Refining the Composition
Once my composition was planned out, I drew up a refined line drawing of the main subjects. Afterwards, I went ahead and blocked in the color scheme and the lighting (Fig.03 - 04). At this point I knew that I wanted her dress to remain a deep purple color with a slight satin feel. The purple hue was chosen because it originally reminded me of a bright threat display; similar to various poisonous animals that warn off danger (fitting I thought). Her skin was initially intended to be pale, but since she was positioned amongst cooler surroundings, a warmer skin tone broke up the color temperatures nicely. The flooring was made out of stone consisting of a light green and brown to complement the dominant colors and serve as an afterthought to the main focus of the image.
Technique & Finer Details
As a general rule for myself, I constantly flip my images horizontally back and forth throughout the entire painting process. It helps me get a fresh look at my image and reveals any flaws or imbalances that may show up.
So from here on out I focused on blending the colors and refining the rest of the details.

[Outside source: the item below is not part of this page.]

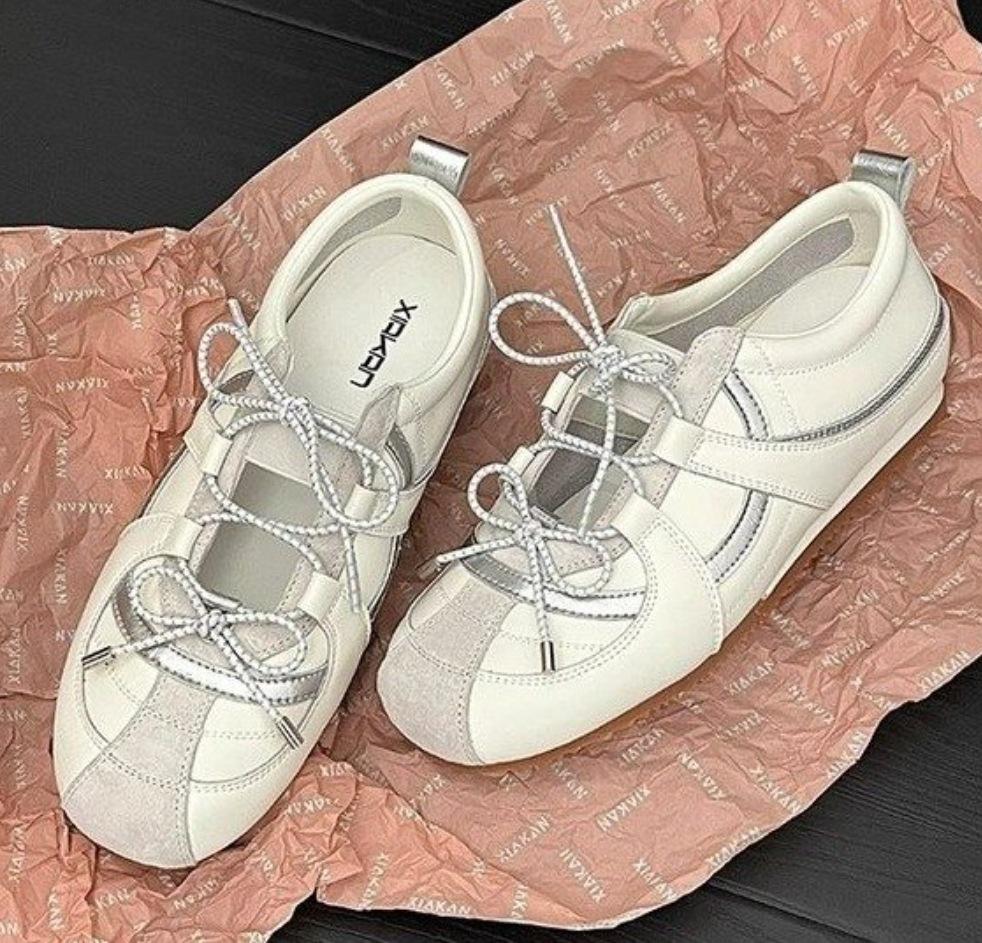 Silver Mary Jane shoes, lazy single shoes, soft soles are not tired feet 2025 new models, inner height increase 5cm ballet training shoes for women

Because I wanted the fabric to have a slightly thicker feel than silk, I blended the shades of the folds (Fig.05a - 05b) using a basic Hard brush with varying levels of Opacity. For the intricate details on the white flounces I designed a custom pattern. Next, I copied and placed my new pattern into the positions that I wanted along the fabric. Using the different Transform tools I experimented with shaping and cutting the design in accordance to the lay of the material. Next I merged all of the separate patterns onto one layer and then made a Clipping Mask layer above it. With the Clipping Mask, it was easier to paint within the designs and blend them in with the folds and shadows of the frills (Fig.06a - 06c).
In Fig.07a - 07c you can see how I continued to blend and refine the skin with the Hard-edge brush with different levels of Opacity. As a final step to blend in the flesh tones I went back over the skin with a Soft brush at a low Opacity to further smooth out my paint strokes. I'm careful not to overuse the Soft brush because I find it sometimes make things appear too plastic-like or fake.
My intention for the mask was to create a balance against the vivid dress. I created some bold circular shapes to help it stand out against the darker background and to create some unity within the design. I also used nice bold highlights to draw the eye upwards into the darkness of the painting (Fig.08a - 08c).
For the floor, I gathered some photo textures of cracked concrete and stone and made some simple texture brushes. Using a Multiply layer and some trial and error, I started applying texture and then erased some areas to break up the repeating cookie-cutter effect. Because adding the texture darkened things a bit, I used an Overlay layer to revitalize the green and brown color and then, using a Screen layer, I reapplied the general lighting. Afterwards it was just a matter of smoothing things out following what I had already painted as a guide. As a final step, I reapplied some more texture with lower Opacity to add that finer detail and then a little more painting on top again to avoid that slapped on texture look (Fig.09a - 09f).
Final Touch Ups
Before I finished up, I made sure to apply all of the final highlights. The next stage for me involved a lot of experimentation, basically trying anything that could help enhance the final image as a whole, including Multiply layers, adjusting levels, Color Balance and Contrast. One of my final touches, for example, was to use a Multiply layer and a Soft brush with low Opacity to darken the rims of the painting to further accentuate the lighting of the piece (Fig.10).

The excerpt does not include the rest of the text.